(Task material)

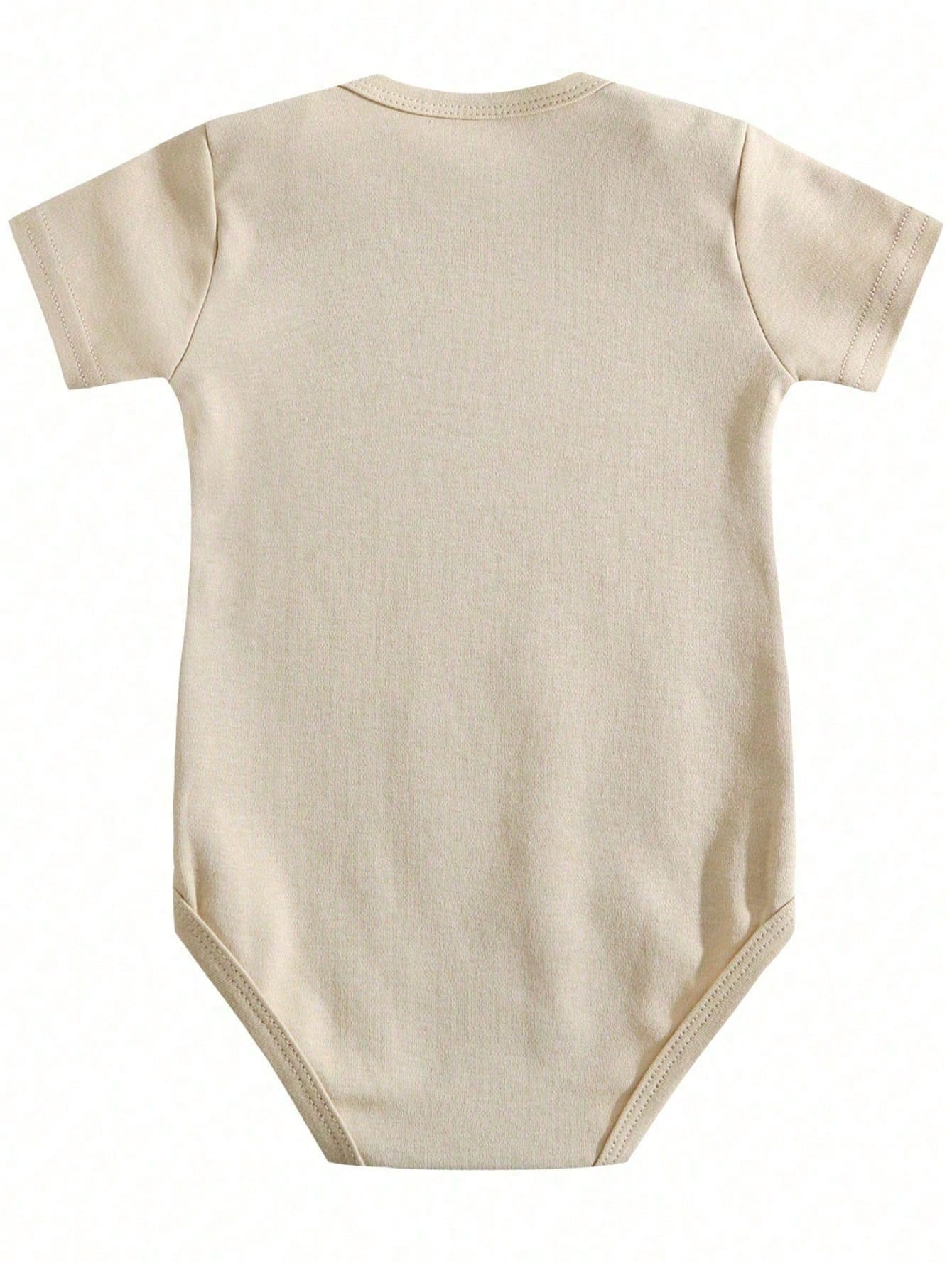 Unisex Baby Short Sleeve Bodysuit Get My Bottle I'm Watching Football With Daddy Print Newborn Triangle Romper Infant Summer One Piece Outfit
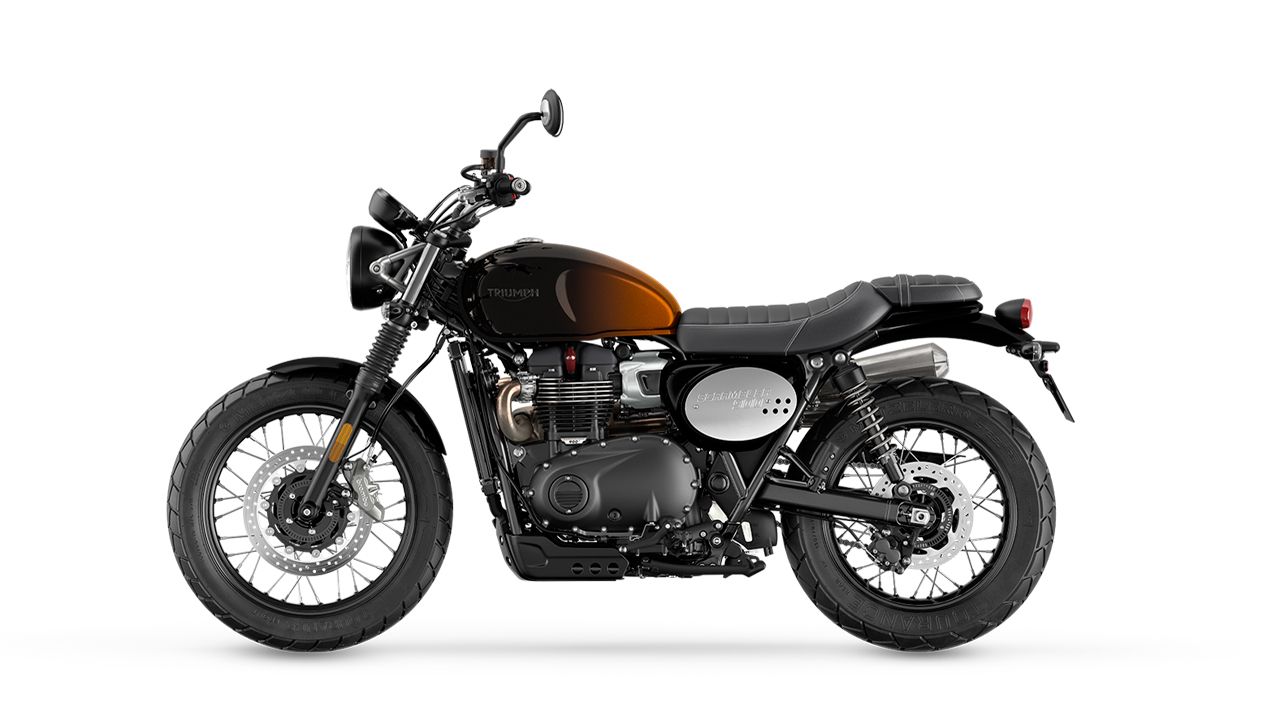 Triumph Scrambler Orange Stealth Edition 2024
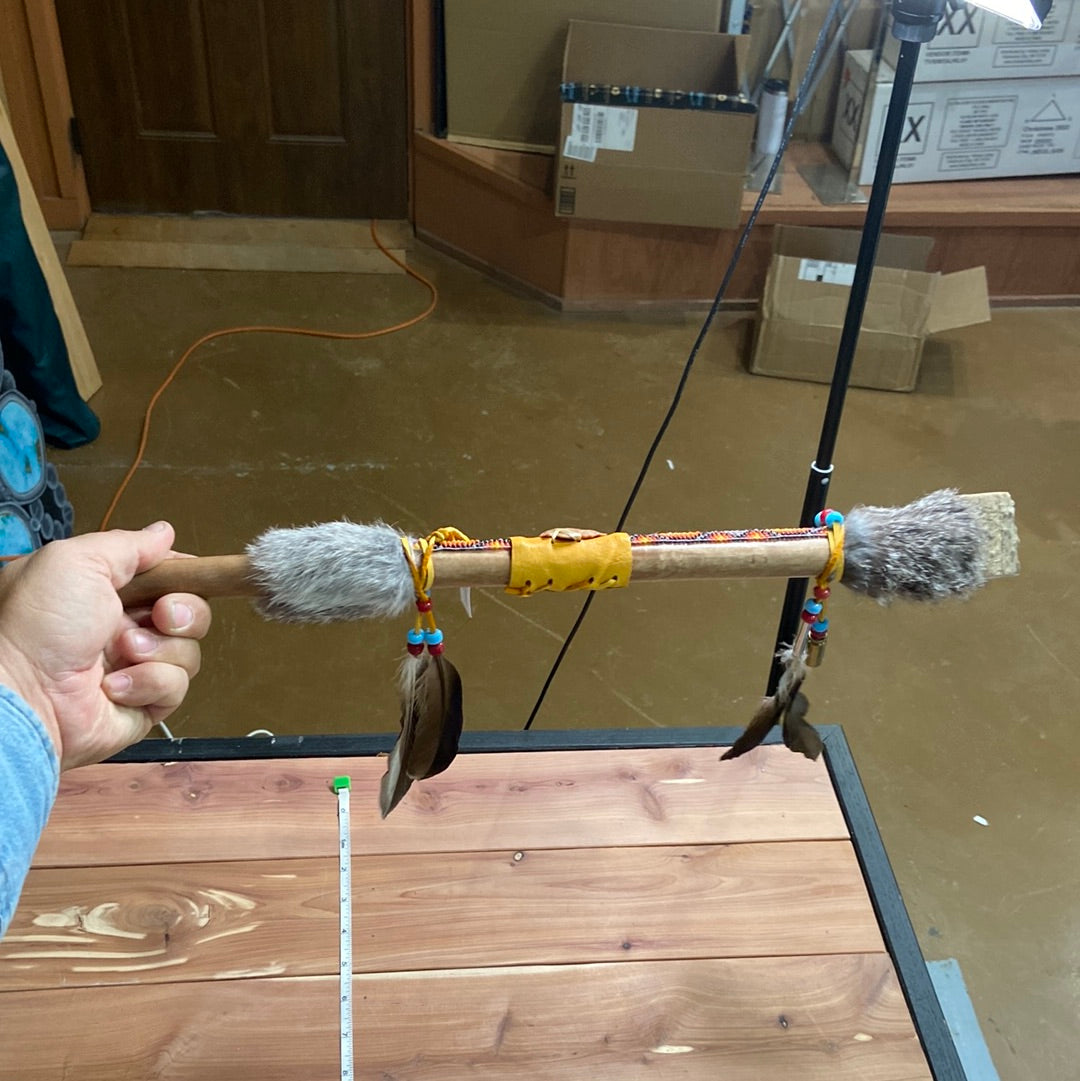 18" Fancy Peace Pipe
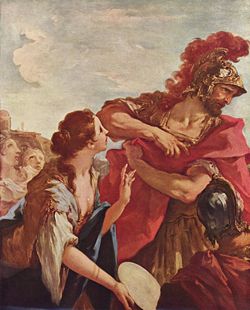 The Return of Jephthah, by Giovanni Antonio Pellegrini.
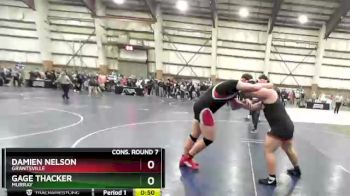 288 lbs Cons. Round 7 - Damien Nelson, Grantsville vs Gage Thacker, Murray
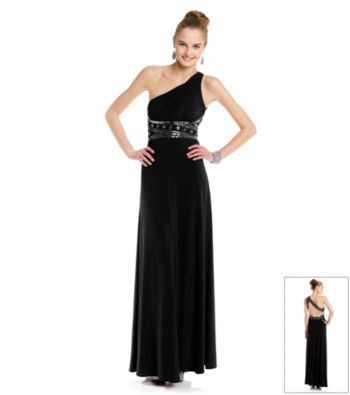 Hailey Logan Shine One-Shoulder Gown
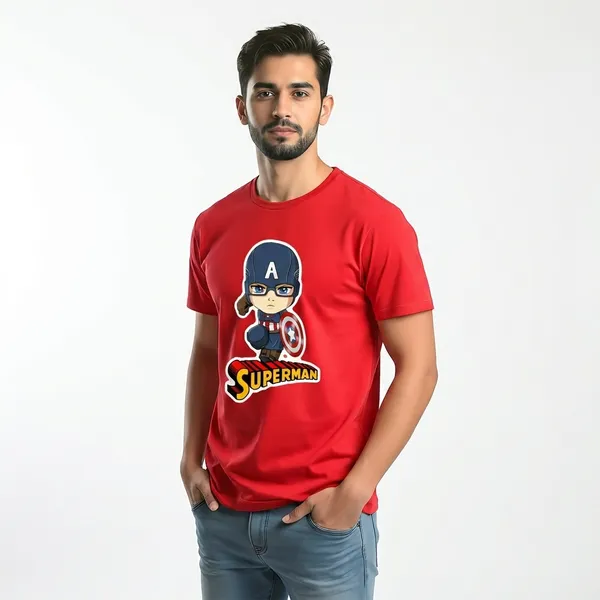 Red_Graphic_T-Shirt_With_Captain_America_Print_And_Superman_Logo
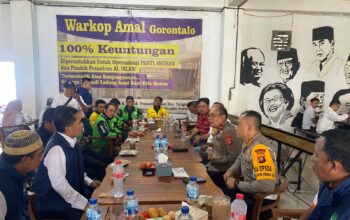 Wakapolda Gorontalo Ngopi Bareng Pengemudi Ojol, Perkuat Sinergi Jaga Kamtibmas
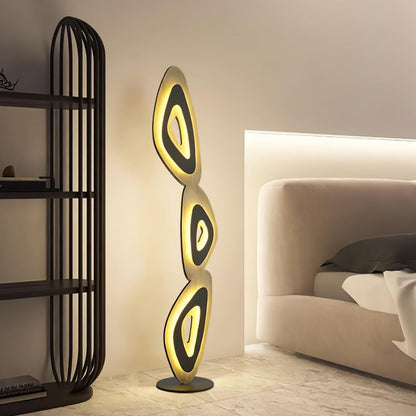 Nevis Floor Lamp - Modern LED Design with Black Shade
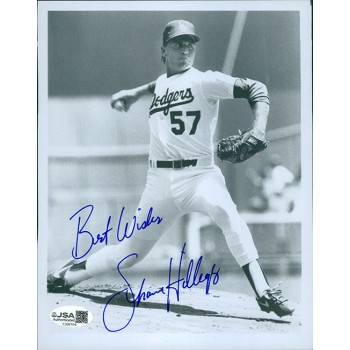Shawn Hillegas Los Angeles Dodgers Signed 6x8 Glossy Photo JSA Authenticated Shawn Hillegas Los Angeles Dodgers Signed 6x8 Glossy Photo JSA Authenticated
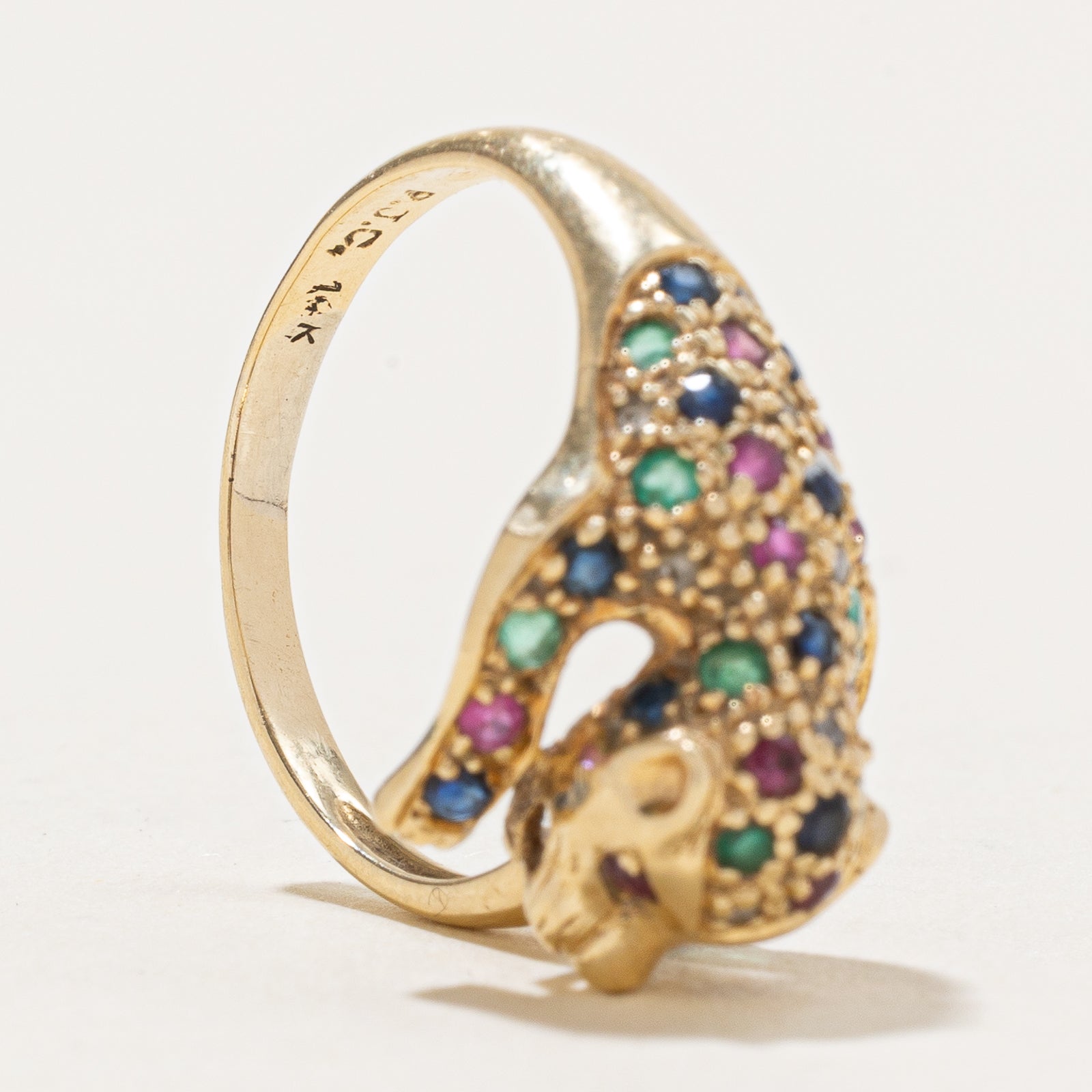 Exquisite Multi Gemstone Panther Ring - 0.03ctw & 0.50ctw Options - Size 5.75 - Elegant Jewelry for Women - Perfect for Parties, Date Nights & Special Occasions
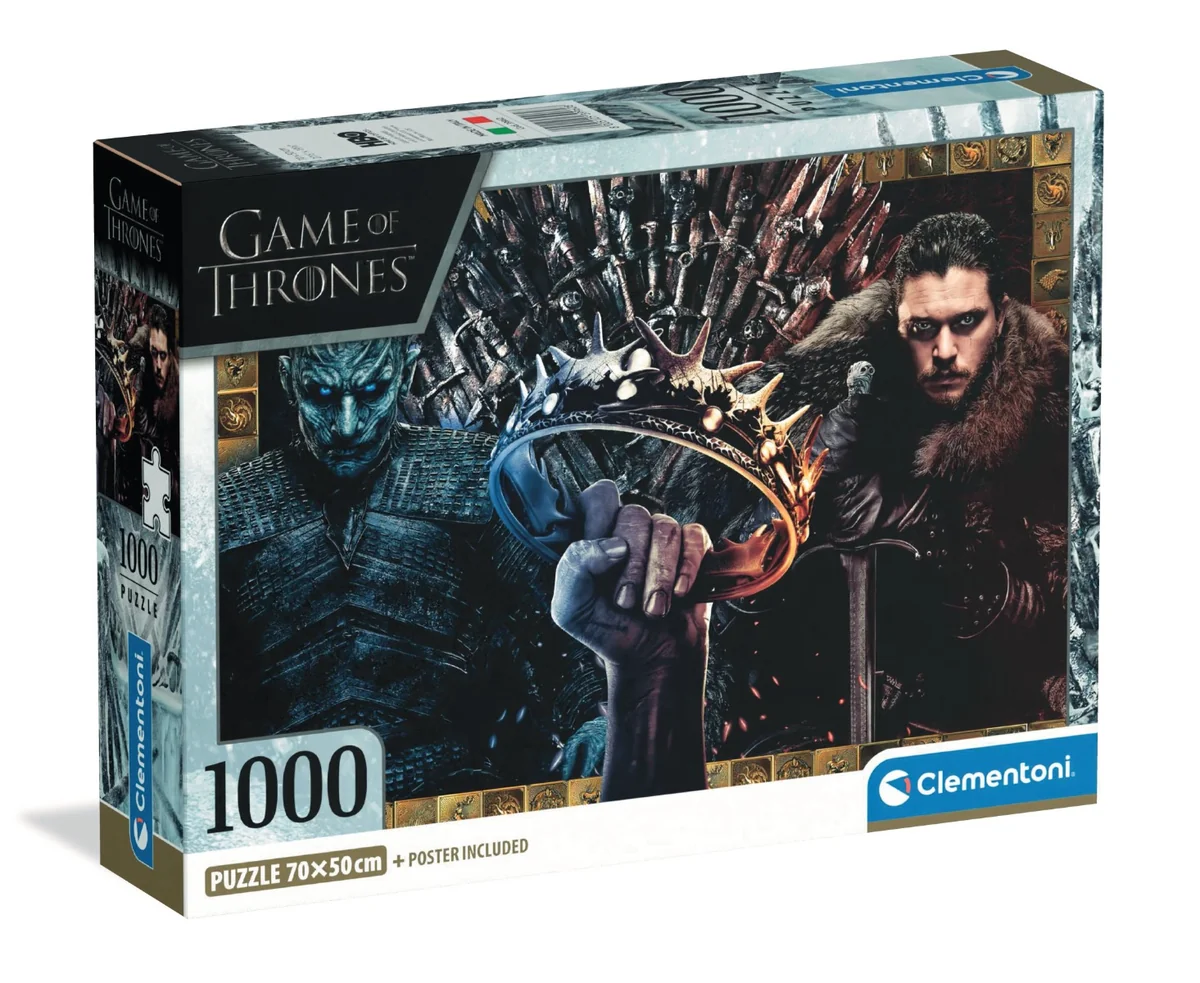 Puzzle Clementoni, Game of Thrones, 1000 piese 2025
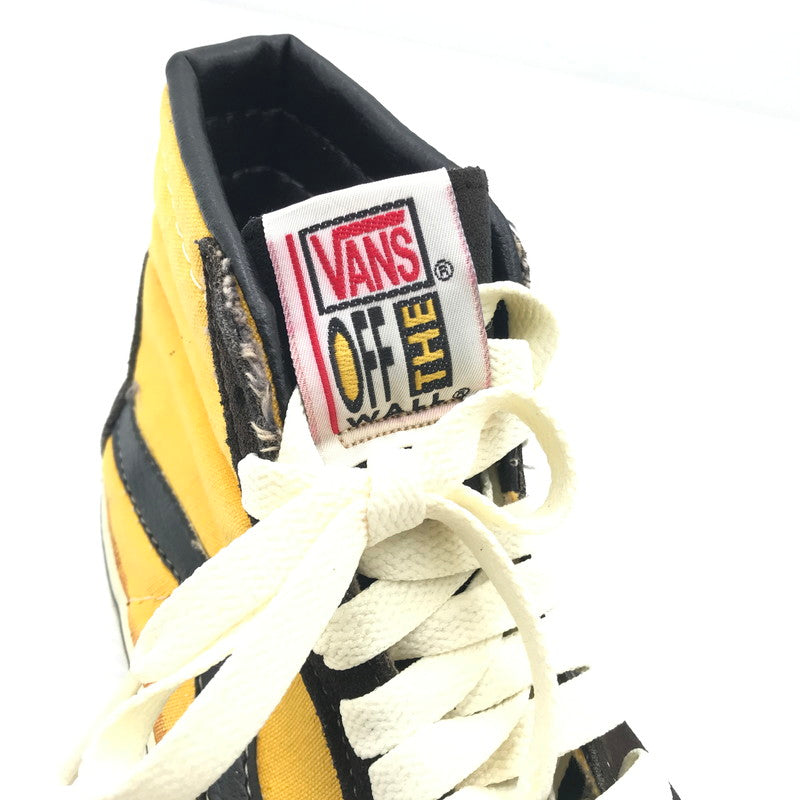 【現状渡し品】【メンズ】 VANS バンズ OFF THE WALL SK8-HI YELLOW オフ ザ ウォール エスケーエイト-ハイ スニーカー 靴 164-260815-rt-29-tagh サイズ：不明 下記参照 カラー：イエロー 万代Net店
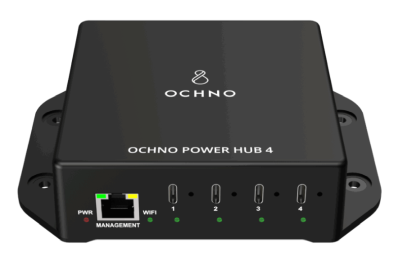 Ochno Power Hub | O-PH-4-EU | Cloud Managed USB-C Charger, 240W with EU Power cord | Svart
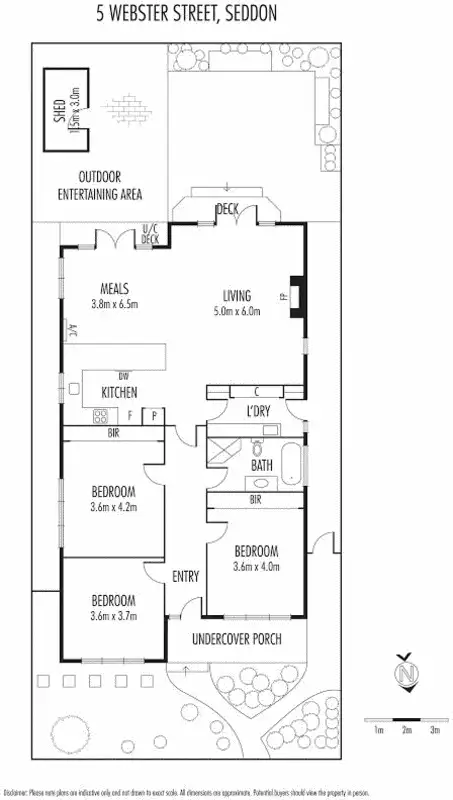 Floorplan of Homely house listing, 5 Webster Street, Seddon VIC 3011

(End Task material)

To do:
Retype word for word the span of lines above that begins with the line containing "Nevis Floor Lamp" and ends with the last line of the records; skip all pictures.

Finished task:
 Nevis Floor Lamp - Modern LED Design with Black Shade
Shawn Hillegas Los Angeles Dodgers Signed 6x8 Glossy Photo JSA Authenticated Shawn Hillegas Los Angeles Dodgers Signed 6x8 Glossy Photo JSA Authenticated
 Exquisite Multi Gemstone Panther Ring - 0.03ctw & 0.50ctw Options - Size 5.75 - Elegant Jewelry for Women - Perfect for Parties, Date Nights & Special Occasions
 Puzzle Clementoni, Game of Thrones, 1000 piese 2025
 【現状渡し品】【メンズ】 VANS バンズ OFF THE WALL SK8-HI YELLOW オフ ザ ウォール エスケーエイト-ハイ スニーカー 靴 164-260815-rt-29-tagh サイズ：不明 下記参照 カラー：イエロー 万代Net店
 Ochno Power Hub | O-PH-4-EU | Cloud Managed USB-C Charger, 240W with EU Power cord | Svart
 Floorplan of Homely house listing, 5 Webster Street, Seddon VIC 3011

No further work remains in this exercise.